I don't know what to do with a Gaussian. It's easier for me to think of a discrete distribution. Let ##f(k)= ## probability that there are ##k## total men out of 1000

Let ##g(k,m) = ## probability that there are ##k## total men out of 1000 given that ##m## randomly selected people are men.

Let ##h(m,k) = ## probability that ##m## randomly selected people are men given there are ##k## total men out of 1000.

##g(k,100) = 0 ## if ## k < 100##
if ##k \ge 100##, ##g(k,100) = h(100,k) f(k)/ ( \sum_{j=100}^{1000} h(100,j) f(j))##.
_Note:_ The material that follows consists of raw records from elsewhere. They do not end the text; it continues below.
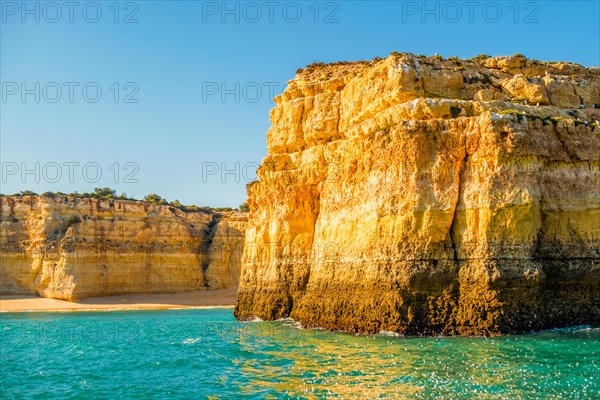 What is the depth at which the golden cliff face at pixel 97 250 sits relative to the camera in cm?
4872

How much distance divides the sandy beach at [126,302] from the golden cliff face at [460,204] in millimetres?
20543

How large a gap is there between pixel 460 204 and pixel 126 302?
109ft

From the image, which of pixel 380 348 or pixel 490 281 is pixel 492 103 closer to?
pixel 490 281

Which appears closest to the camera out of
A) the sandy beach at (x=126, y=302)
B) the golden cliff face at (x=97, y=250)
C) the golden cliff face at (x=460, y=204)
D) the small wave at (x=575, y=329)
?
the small wave at (x=575, y=329)

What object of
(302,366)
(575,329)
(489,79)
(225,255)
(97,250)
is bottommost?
(302,366)

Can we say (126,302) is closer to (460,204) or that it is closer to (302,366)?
(460,204)

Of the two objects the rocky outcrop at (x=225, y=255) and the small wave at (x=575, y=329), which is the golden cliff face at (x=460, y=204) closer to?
the small wave at (x=575, y=329)

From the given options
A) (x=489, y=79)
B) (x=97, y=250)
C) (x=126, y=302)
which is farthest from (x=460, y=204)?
(x=97, y=250)

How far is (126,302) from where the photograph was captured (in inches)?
1881

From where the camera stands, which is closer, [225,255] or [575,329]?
[575,329]

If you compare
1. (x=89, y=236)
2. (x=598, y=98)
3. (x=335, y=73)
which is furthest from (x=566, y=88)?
(x=89, y=236)

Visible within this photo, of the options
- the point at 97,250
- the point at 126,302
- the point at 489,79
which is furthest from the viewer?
the point at 97,250

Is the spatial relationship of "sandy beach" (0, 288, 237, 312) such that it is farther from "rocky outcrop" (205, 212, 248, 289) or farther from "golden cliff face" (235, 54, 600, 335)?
"golden cliff face" (235, 54, 600, 335)

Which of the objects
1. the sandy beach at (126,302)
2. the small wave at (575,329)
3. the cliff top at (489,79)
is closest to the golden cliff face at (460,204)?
the cliff top at (489,79) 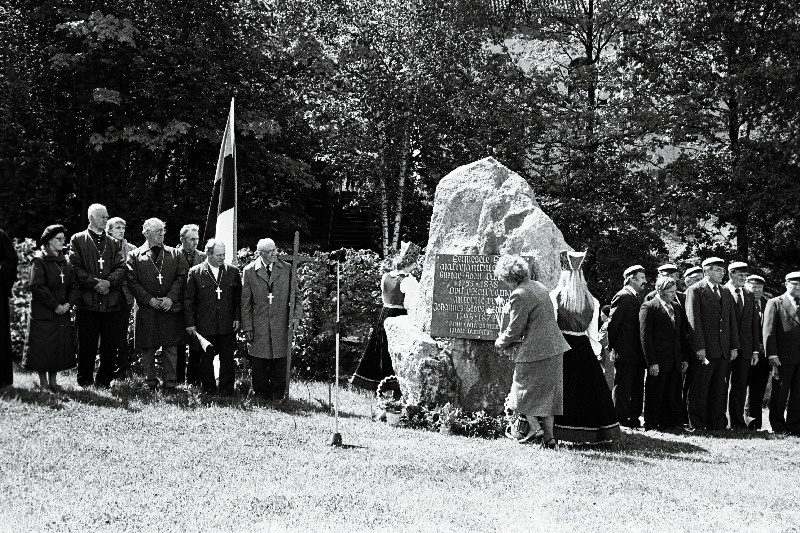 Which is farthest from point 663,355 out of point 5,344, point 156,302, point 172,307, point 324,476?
point 5,344

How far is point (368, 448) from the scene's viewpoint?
757 cm

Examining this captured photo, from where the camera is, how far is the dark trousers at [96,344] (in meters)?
9.55

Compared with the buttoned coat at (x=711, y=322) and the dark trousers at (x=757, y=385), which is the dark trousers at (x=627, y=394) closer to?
the buttoned coat at (x=711, y=322)

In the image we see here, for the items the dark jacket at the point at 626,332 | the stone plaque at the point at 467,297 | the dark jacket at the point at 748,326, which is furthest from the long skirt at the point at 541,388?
the dark jacket at the point at 748,326

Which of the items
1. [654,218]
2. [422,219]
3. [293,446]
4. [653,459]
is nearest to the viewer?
[293,446]

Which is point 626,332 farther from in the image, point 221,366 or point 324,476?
point 324,476

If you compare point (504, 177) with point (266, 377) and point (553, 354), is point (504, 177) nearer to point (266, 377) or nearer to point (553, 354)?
point (553, 354)

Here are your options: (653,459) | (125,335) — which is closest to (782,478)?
(653,459)

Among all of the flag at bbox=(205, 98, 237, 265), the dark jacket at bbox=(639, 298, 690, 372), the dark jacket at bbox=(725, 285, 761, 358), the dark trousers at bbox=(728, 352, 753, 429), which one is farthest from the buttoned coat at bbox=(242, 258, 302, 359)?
the dark trousers at bbox=(728, 352, 753, 429)

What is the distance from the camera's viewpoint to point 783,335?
10.8 m

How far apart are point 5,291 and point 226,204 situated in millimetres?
5293

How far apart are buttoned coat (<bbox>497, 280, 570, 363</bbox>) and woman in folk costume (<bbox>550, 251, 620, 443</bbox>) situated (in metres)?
0.50

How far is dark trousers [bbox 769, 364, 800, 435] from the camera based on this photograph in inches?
420

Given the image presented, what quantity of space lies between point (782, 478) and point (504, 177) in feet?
14.0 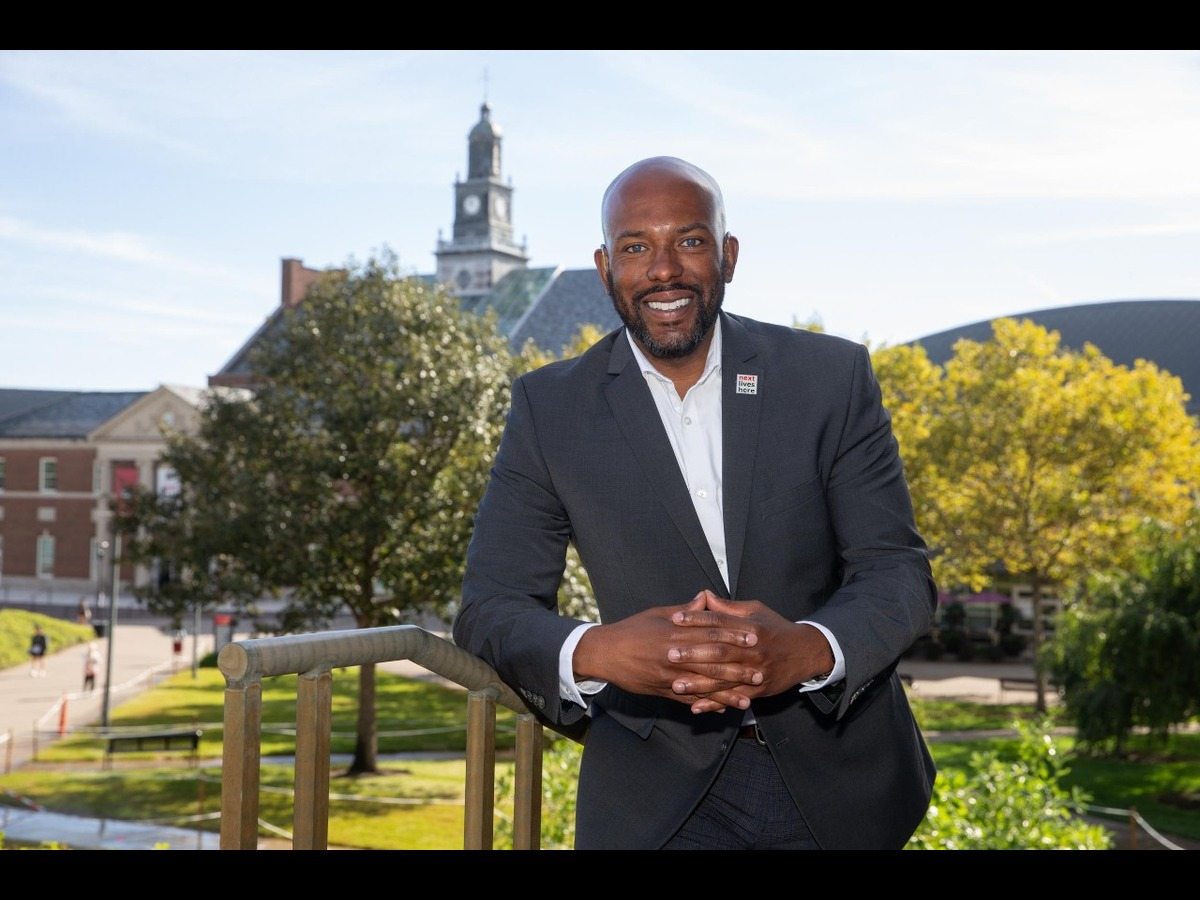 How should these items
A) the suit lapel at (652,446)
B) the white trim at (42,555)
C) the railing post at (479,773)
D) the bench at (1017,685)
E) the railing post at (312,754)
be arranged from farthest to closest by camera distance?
the white trim at (42,555) → the bench at (1017,685) → the railing post at (479,773) → the suit lapel at (652,446) → the railing post at (312,754)

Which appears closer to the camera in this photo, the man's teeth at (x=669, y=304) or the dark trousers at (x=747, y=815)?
the dark trousers at (x=747, y=815)

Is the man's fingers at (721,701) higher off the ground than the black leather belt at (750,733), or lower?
higher

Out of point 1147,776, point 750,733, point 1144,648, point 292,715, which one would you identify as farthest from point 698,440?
point 292,715

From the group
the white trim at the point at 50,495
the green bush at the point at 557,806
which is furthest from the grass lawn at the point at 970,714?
the white trim at the point at 50,495

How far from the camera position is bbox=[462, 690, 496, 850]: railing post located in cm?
331

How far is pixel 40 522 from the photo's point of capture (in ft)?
217

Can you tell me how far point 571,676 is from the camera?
8.97 feet

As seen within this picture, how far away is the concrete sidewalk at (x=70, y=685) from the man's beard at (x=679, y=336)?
76.7 ft

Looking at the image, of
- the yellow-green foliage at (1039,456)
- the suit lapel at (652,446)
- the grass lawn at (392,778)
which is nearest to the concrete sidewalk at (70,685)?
the grass lawn at (392,778)

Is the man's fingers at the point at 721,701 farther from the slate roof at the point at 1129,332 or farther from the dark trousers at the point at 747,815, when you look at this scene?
the slate roof at the point at 1129,332

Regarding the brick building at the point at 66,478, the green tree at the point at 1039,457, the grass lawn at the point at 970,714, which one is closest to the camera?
the grass lawn at the point at 970,714

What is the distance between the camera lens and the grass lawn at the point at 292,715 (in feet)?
86.2

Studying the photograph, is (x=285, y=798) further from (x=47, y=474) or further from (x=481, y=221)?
(x=481, y=221)

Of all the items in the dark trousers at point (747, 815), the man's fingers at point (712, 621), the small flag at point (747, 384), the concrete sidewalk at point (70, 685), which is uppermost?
the small flag at point (747, 384)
We want to find the value of ##x## that maximizes ##g(x,100)##. We can ignore the constant factor ##\sum_{j=100}^{1000} h(100,j) f(j))## and consider only the function ##h(100,x) f(x)## for ##x = 100,101,...1000##


##h(100,x) = (x/1000)((x-1)/1000)((x-2)/1000)....((x-99)/1000) ##
## = (x!)/ ( ( x-100)\ !1000) )##.

[Edit: No, it should be ##h(100,x) = (x/1000)((x-1)/(1000-1))((x-2)/(1000-2)....((x-99)/(1000-99))## ]


The maxium of ##h(100,x) f(x)## depends on how ##h(100, x)## alters the shape of ##f(x)##.


I suppose the approach of statistical physics would be to consider numbers much larger than 100 and 1000 and introduce Sterlings approximation.